W miejscu, w którym doszło do wypadku z udziałem samochodu, którym jechała premier Beata Szydło, pojawiła się zarówno zastępca prokuratora okręgowego w Krakowie Maria Zębala, jak i ekspert z Instytutu Ekspertyz Sądowych, biegły sądowy Jakub Zębala, a prywatnie mąż pani prokurator.
"Podstawa do wyłączenia"
Skomentował to adwokat, profesor Jan Widacki. - Chęć podlizania się była silniejsza od zdrowego rozsądku. To jest podstawa do wyłączenia biegłego po prostu - powiedział. - Do wyłączenia biegłego stosuje się te same przepisy Kodeksu postępowania karnego, które stosuje się do wyłączenia sędziego. Jeżeli powstanie zarzut braku bezstronności czy wątpliwość co do bezstronności, to to jest podstawa do wyłączenia. Tutaj taka sytuacja ma miejsce, czyli prokuratura sama się wystawiła na strzał - dodał.

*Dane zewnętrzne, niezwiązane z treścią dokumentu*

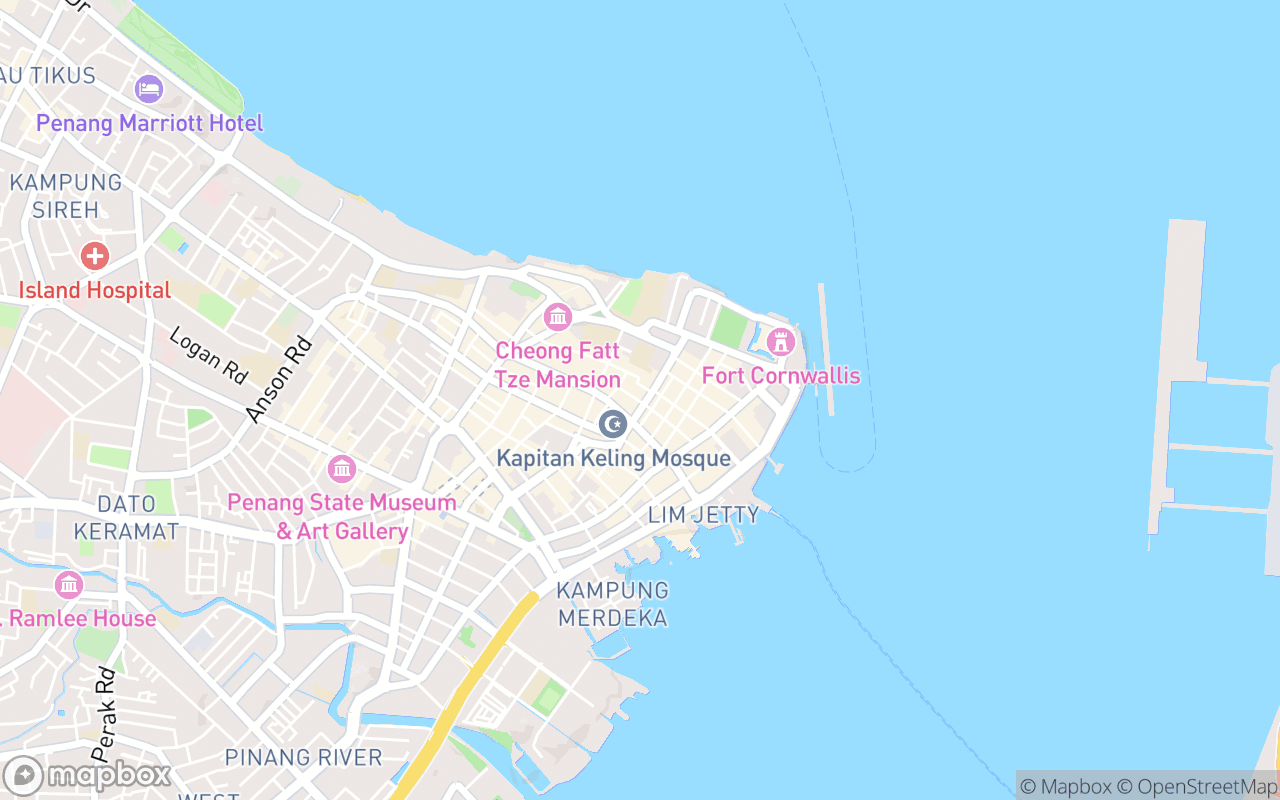 Map showing the location of Nasi Kandar Imigresen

Jak poinformował reporter TVN24, w swoim komunikacie prokuratura poinformowała, że udział w czynnościach osób pozostających w związku małżeńskim nie wzbudza żadnych wątpliwości. Dodano, że obecność na miejscu biegłego sądowego Jakuba Zębali ograniczyła się do czynności technicznej podłączenia urządzenia do odczytywania danych z rejestratorów wypadkowych.
Kierowca z zarzutami
Do wypadku doszło 10 lutego w Oświęcimiu. Policja podała, że rządowa kolumna trzech samochodów (pojazd premier Beaty Szydło jechał w środku) wyprzedzała fiata seicento; jego 21-letni kierowca przepuścił pierwszy samochód, a następnie zaczął skręcać w lewo i uderzył w auto szefowej rządu, które następnie uderzyło w drzewo.

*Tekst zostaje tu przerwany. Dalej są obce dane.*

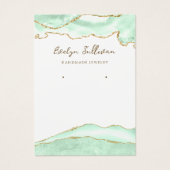 Zeeschuim groene agaat sieraden display kaart (Voorkant)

W wyniku wypadku poważne obrażenia ciała, utrzymujące się dłużej niż 7 dni, odnieśli premier i jeden z funkcjonariuszy BOR - szef ochrony Beaty Szydło. U drugiego funkcjonariusza BOR - kierowcy pojazdu - stwierdzono lżejsze obrażenia. Beata Szydło do 17 lutego przebywała w Wojskowym Instytucie Medycznym w Warszawie.

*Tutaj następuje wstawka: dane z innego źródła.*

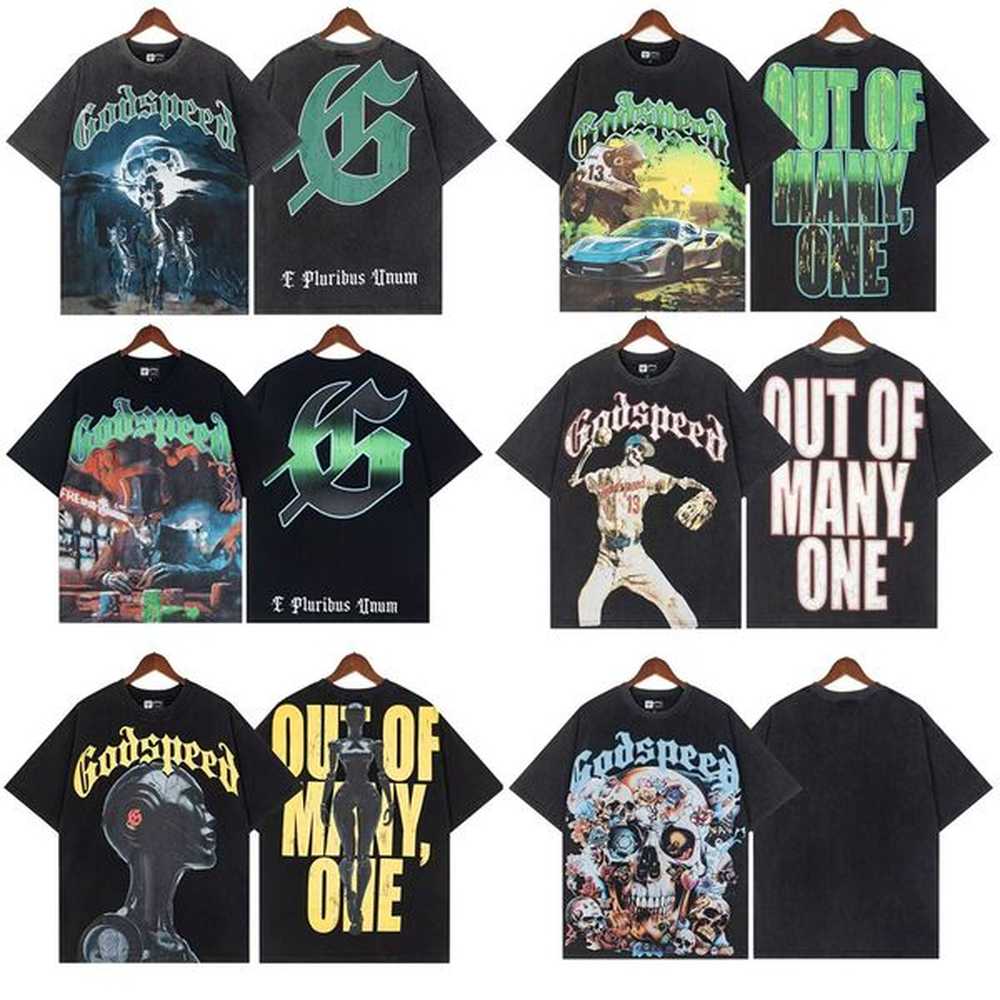 godspeed mens designer t shirt graphic tee tshirt crew neck 100% cotton oversized short sleeve streetwear black shirts for men clothing tops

14 lutego prokuratorski zarzut nieumyślnego spowodowania wypadku usłyszał kierowca fiata Sebastian K. Kierowca nie przyznał się do winy, prokuratura nie podaje treści jego wyjaśnień. Śledztwo w tej sprawie prowadzi zespół trojga prokuratorów z Prokuratury Okręgowej w Krakowie. Nadzór nad śledztwem objęła Prokuratura Regionalna w Krakowie.